Cube call a volume polygon with six sides of the correct form - the correct hexahedron. The quantity of the correct sides defines a form of each of them are squares. It is, perhaps, the most convenient of many-sided figures in terms of determination of its geometrical properties in the three-dimensional system of coordinates habitual to us. All its parameters can be calculated, knowing only length of one edge.
Instruction
1. If you have certain physical object in the form of a cube, then for calculation of its volume measure length of any side, and then use the algorithm described in the following step. If such measurement is impossible, then it is possible, for example, to try to determine the volume of the forced-out water, having placed in it this cubic object. If it is possible to find out amount of the forced-out water in liters, then the result can be transferred to cubic decimeters - one liter in the SI system is equated to one cubic decimeter.
2. You build the known value of length of an edge of a cube, that is length of the party of the square making any of its sides in the third degree. Practical calculations can be made on any calculator or by means of the Google search engine. If in the field of a search query to enter, for example, "3.14 cubed", then the searcher at once (without pressing of the button) will show result.

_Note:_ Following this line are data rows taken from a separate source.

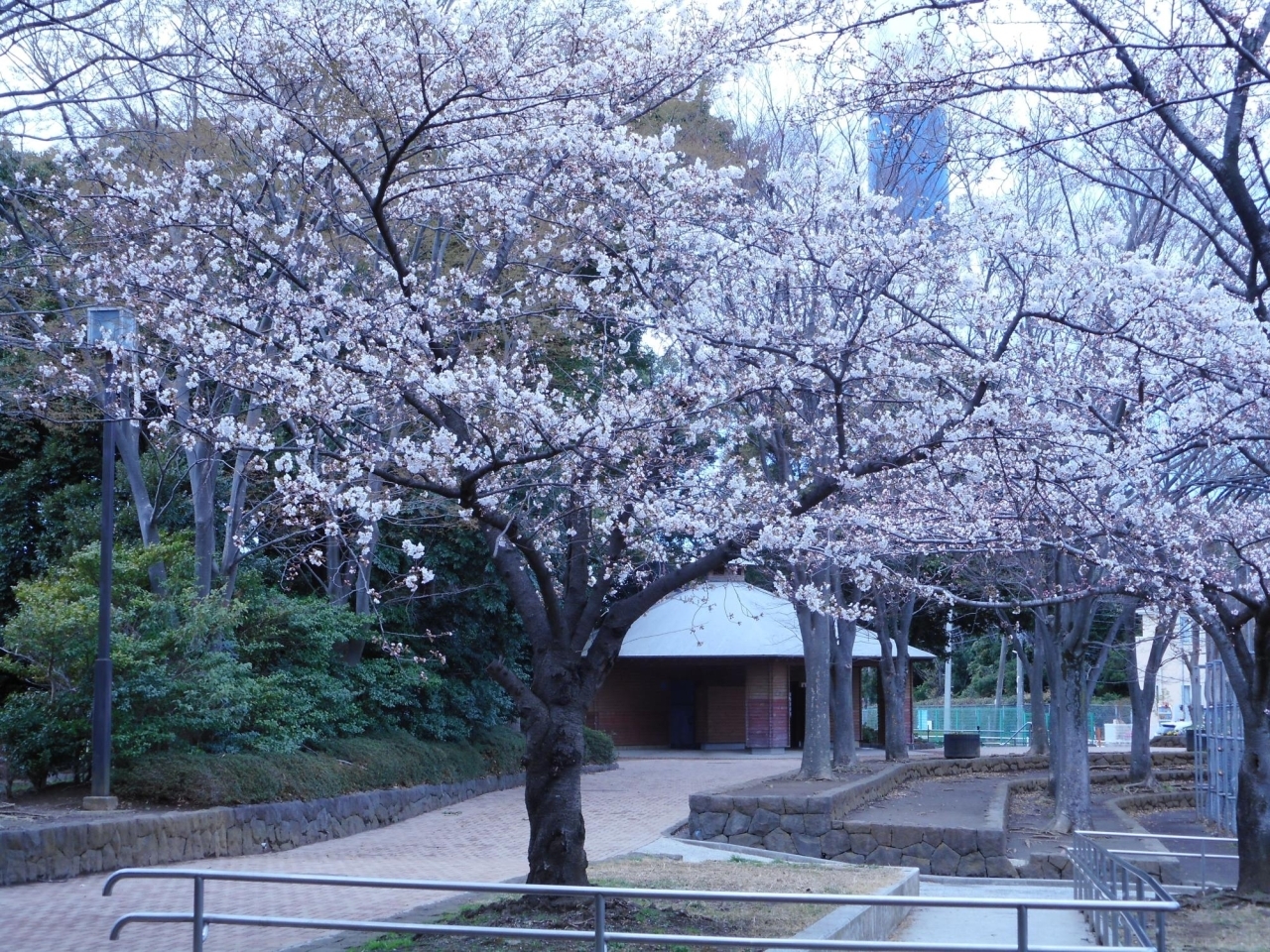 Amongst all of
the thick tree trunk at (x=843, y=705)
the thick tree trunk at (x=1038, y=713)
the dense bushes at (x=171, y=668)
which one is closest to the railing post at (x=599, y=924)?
the dense bushes at (x=171, y=668)

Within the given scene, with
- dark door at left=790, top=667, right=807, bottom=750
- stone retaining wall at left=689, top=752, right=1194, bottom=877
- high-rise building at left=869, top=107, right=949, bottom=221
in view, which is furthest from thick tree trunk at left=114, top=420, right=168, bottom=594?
dark door at left=790, top=667, right=807, bottom=750

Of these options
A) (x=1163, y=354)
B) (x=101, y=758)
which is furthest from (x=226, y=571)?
(x=1163, y=354)

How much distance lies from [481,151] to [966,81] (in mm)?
3938

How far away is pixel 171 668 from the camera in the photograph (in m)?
16.2

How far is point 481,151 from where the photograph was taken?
10203 mm

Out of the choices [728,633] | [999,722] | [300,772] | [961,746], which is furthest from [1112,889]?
[999,722]

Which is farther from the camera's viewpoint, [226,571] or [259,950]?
[226,571]

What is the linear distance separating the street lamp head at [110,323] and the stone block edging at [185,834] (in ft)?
15.8

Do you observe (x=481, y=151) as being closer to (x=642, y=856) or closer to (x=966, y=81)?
(x=966, y=81)

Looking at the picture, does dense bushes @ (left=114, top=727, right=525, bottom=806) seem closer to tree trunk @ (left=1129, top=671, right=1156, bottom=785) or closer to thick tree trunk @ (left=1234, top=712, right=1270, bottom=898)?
thick tree trunk @ (left=1234, top=712, right=1270, bottom=898)

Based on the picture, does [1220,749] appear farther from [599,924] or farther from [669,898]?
[599,924]

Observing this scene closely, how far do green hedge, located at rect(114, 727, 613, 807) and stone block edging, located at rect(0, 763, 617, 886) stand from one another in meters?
0.21

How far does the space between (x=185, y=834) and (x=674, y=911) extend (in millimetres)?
7344

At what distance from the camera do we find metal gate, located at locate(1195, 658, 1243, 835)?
2094cm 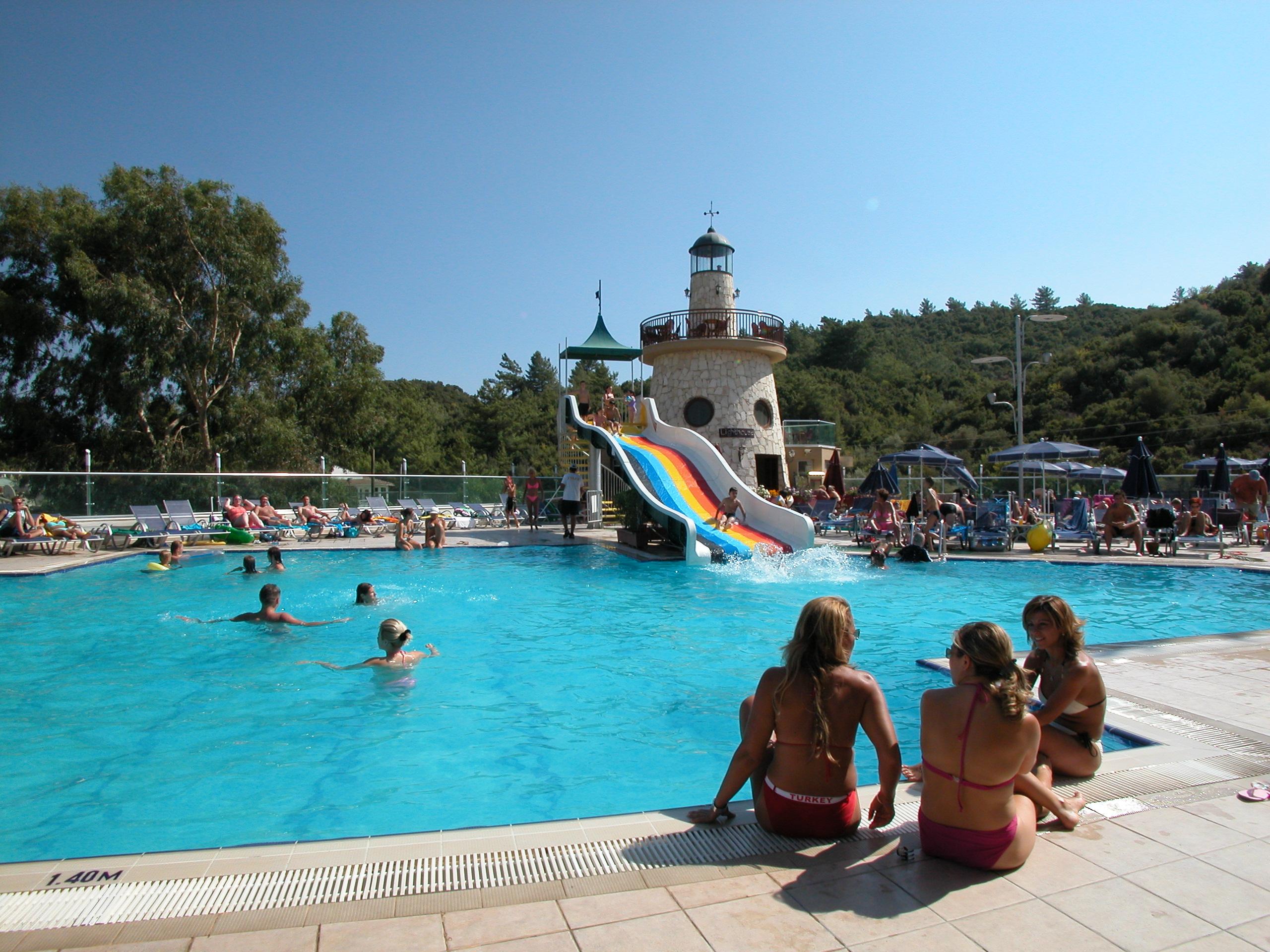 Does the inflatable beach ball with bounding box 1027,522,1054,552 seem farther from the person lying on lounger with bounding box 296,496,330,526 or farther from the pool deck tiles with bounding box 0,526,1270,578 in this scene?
the person lying on lounger with bounding box 296,496,330,526

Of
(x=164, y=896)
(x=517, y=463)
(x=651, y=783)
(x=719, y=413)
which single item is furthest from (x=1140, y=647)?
(x=517, y=463)

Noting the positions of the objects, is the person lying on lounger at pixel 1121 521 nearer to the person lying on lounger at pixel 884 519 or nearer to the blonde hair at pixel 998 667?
the person lying on lounger at pixel 884 519

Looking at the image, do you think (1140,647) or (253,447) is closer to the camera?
(1140,647)

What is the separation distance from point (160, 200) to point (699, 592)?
80.0ft

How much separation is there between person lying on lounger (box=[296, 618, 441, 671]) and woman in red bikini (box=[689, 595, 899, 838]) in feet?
14.4

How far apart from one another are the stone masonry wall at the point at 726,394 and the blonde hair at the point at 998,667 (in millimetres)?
18635

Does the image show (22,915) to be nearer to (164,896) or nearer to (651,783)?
(164,896)

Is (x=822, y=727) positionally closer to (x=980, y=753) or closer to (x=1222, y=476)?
(x=980, y=753)

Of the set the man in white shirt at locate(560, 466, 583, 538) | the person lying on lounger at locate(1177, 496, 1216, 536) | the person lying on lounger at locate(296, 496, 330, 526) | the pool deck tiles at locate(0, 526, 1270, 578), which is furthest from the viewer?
the person lying on lounger at locate(296, 496, 330, 526)

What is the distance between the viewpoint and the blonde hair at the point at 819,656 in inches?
115

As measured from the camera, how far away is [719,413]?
21.5m

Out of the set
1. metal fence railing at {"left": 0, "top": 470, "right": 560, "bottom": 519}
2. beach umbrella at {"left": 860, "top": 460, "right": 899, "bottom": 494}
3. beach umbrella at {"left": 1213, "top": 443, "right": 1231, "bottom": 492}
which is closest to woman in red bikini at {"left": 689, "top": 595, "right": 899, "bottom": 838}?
beach umbrella at {"left": 860, "top": 460, "right": 899, "bottom": 494}

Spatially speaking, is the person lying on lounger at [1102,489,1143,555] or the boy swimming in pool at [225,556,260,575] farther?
the person lying on lounger at [1102,489,1143,555]

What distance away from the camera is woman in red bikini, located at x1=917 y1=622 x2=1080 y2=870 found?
2627mm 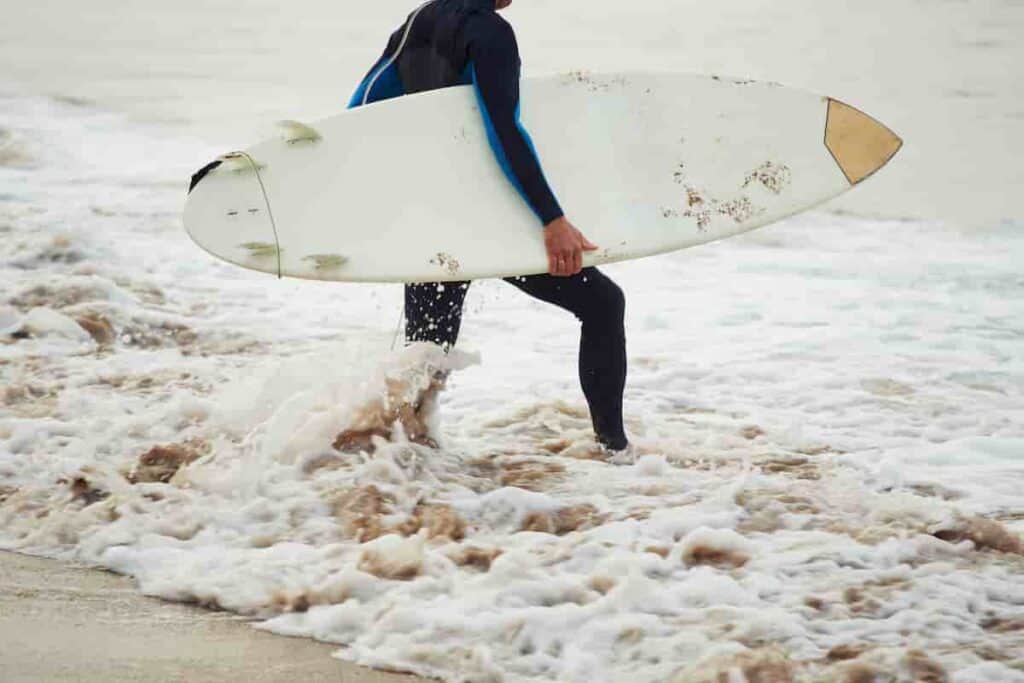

3. If only cube diagonal length is known, then it is quite enough for calculation of its volume too. Diagonal of the correct octahedron call the piece connecting two of its tops, opposite concerning the center. Length of such diagonal through Pythagorean theorem can be expressed as the cube edge length divided into a root from three. From this follows that for finding of volume of a cube it is necessary to divide its diagonal into a root from three and to cube result.
4. It is similarly possible to calculate cube volume, knowing only length of diagonal of its side. From the same Pythagorean theorem follows that length of an edge of a cube is equal to the diagonal of the side divided into a root from two. Volume in this case can be calculated, having divided the known length of diagonal of an edge into a root from two and having cubed result.
5. Do not forget about dimension of the received result - if you calculate volume proceeding from the known sizes in centimeters, then the result will be received in cubic centimeters. One decimeter contains ten centimeters, and one cubic decimeter (liter) - one thousand (ten cubed) cubic centimeters. Respectively, for transfer of result to cubic decimeters it is necessary to divide the received value in centimeters into one thousand.